Setting down the omelette on the desk in front of my computer, I felt the chilly breeze on my bare shoulders. I flipped on the space heater that remains in my desk-depths, available to heat my shins during the few days when it actually grows cold in Texas. The current through the open window brought with it a smell of cigarette from outside, which I found peculiar since it was 7:15 am, and, well, none of my neighbors smoke.
Focused on my project and almost ready to place it before the public eye, I noticed the cigarette smell becoming stronger and more pungent, as if the unidentified morning tobaccoist was approaching my window. A bit curious, I looked around down the side of the building and saw nothing. Suddenly, I heard some screeching noise from my kitchen immediately thereafter, and then some ferocious banging and clanging. Violent, violent sounds!
I rushed into the kitchen to find my Bialetti™ laying down on the open flame of my stove, espresso spewing everywhere, and some of it aflame below. I rushed to turn off the stove before anything else, trying to install some prioritization or hierarchy to my thoughts in the midst of the madness.
Having neither a fire blanket handy nor a pair of oven mitts or, well, anything that would have been helpful in this situation, I instinctively I reached down for the rug below my refrigerator door and threw it on the fire, across the side-spun espresso maker and the coffee spewing from its spout.

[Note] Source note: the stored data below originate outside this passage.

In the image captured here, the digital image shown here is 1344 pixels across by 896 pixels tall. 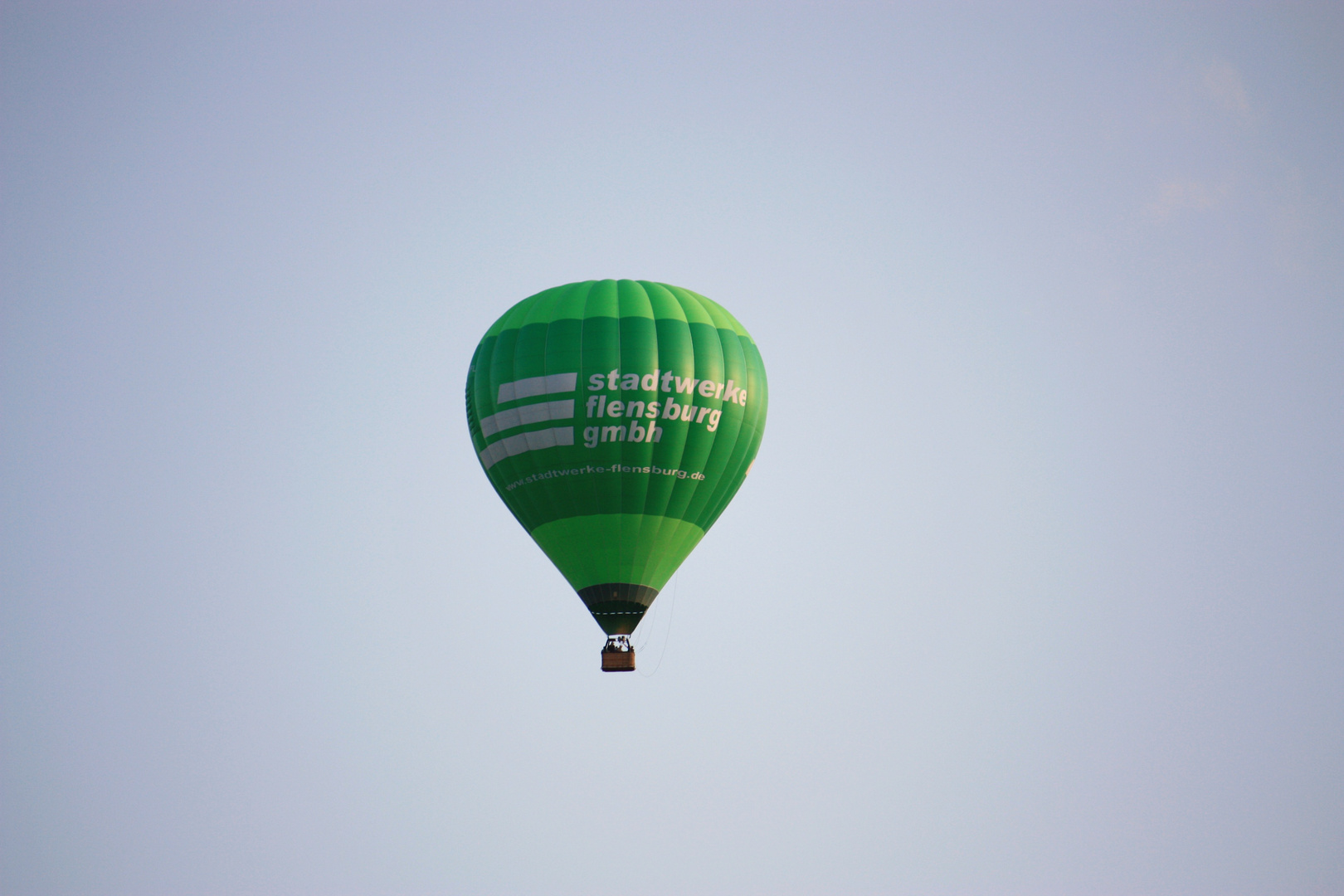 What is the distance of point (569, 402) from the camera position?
115 ft

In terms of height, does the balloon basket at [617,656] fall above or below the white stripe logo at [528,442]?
below

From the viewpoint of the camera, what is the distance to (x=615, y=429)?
35094mm

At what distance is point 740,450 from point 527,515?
5194 millimetres

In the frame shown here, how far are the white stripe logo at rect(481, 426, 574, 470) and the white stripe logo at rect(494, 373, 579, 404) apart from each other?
33.1 inches

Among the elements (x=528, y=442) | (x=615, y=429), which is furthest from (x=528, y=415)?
(x=615, y=429)

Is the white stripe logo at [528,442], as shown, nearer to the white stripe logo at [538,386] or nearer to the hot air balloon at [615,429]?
the hot air balloon at [615,429]

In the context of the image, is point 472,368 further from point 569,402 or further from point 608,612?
point 608,612

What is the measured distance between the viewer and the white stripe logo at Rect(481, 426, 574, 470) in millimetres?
35250

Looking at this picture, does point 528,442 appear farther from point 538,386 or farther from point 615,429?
point 615,429

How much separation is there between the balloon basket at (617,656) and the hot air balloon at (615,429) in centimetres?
4

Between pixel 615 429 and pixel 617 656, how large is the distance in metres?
5.12

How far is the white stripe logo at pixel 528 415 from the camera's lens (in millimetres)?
35156

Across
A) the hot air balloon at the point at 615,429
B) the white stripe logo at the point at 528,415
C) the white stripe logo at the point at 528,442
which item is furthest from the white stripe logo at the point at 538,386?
the white stripe logo at the point at 528,442

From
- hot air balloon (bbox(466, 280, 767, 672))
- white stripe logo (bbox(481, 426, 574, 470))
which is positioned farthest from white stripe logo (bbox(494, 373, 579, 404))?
white stripe logo (bbox(481, 426, 574, 470)) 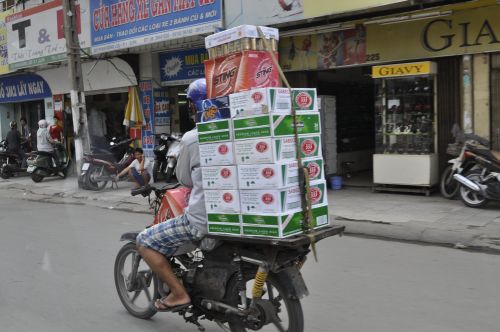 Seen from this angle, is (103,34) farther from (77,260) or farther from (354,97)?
(77,260)

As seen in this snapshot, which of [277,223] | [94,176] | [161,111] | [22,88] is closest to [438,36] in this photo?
[277,223]

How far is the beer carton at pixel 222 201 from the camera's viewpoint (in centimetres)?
344

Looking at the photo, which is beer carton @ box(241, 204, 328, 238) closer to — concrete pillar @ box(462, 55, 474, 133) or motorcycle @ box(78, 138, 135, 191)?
concrete pillar @ box(462, 55, 474, 133)

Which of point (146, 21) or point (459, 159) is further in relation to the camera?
point (146, 21)

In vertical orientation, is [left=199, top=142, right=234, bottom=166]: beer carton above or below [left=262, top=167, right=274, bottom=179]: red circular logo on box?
above

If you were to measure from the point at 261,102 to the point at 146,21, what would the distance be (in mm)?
10422

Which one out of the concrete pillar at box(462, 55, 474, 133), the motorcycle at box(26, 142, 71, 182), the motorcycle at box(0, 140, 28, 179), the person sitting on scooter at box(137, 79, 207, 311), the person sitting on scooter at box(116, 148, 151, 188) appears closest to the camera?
the person sitting on scooter at box(137, 79, 207, 311)

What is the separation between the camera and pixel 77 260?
6.45 m

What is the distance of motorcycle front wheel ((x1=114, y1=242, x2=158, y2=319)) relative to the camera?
438 cm

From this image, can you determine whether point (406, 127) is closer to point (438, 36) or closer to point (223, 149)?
point (438, 36)

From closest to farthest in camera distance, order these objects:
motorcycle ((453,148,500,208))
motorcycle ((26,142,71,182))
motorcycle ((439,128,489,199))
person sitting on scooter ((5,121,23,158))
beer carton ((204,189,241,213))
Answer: beer carton ((204,189,241,213)) → motorcycle ((453,148,500,208)) → motorcycle ((439,128,489,199)) → motorcycle ((26,142,71,182)) → person sitting on scooter ((5,121,23,158))

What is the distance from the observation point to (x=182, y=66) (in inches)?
565

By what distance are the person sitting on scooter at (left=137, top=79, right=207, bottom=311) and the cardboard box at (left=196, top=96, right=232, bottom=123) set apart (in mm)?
121

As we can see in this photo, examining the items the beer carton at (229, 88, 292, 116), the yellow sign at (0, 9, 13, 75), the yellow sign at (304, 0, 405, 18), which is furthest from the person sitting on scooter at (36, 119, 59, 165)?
the beer carton at (229, 88, 292, 116) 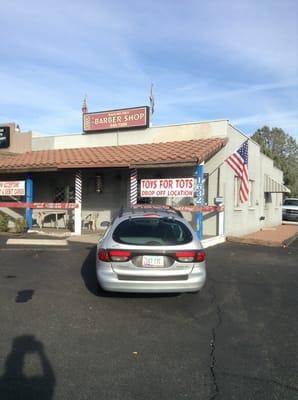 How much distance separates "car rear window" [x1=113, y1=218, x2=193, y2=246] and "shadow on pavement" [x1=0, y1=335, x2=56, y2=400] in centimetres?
218

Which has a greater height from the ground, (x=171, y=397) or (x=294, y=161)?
(x=294, y=161)

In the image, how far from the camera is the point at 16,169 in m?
16.6

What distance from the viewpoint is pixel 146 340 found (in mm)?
5078

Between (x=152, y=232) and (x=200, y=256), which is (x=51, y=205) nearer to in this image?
(x=152, y=232)

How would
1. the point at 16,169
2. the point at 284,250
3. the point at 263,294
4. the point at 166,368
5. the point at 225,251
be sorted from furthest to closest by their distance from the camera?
the point at 16,169 < the point at 284,250 < the point at 225,251 < the point at 263,294 < the point at 166,368

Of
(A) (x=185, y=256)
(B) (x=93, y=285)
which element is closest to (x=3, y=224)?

When the flame finally died, I took the rug into the bathroom, left it strung out arcross the side of the bathtub and returned to the kitchen and filled the Bialetti with another batch of Peruvian single-origin, determined to have my demitasse full.
It’s been nearly twentyfourhours since I last
slept longer than five minutes, and I can’t quite
figure out why. Today, while playing a stringed
instrument, I’ll appear a revenant. A Caribbean zombie
has the right idea – rising out of a grave and all –
but misses the Mark. I need regeneration
[physicallyinsleep, but that ain't the All of it].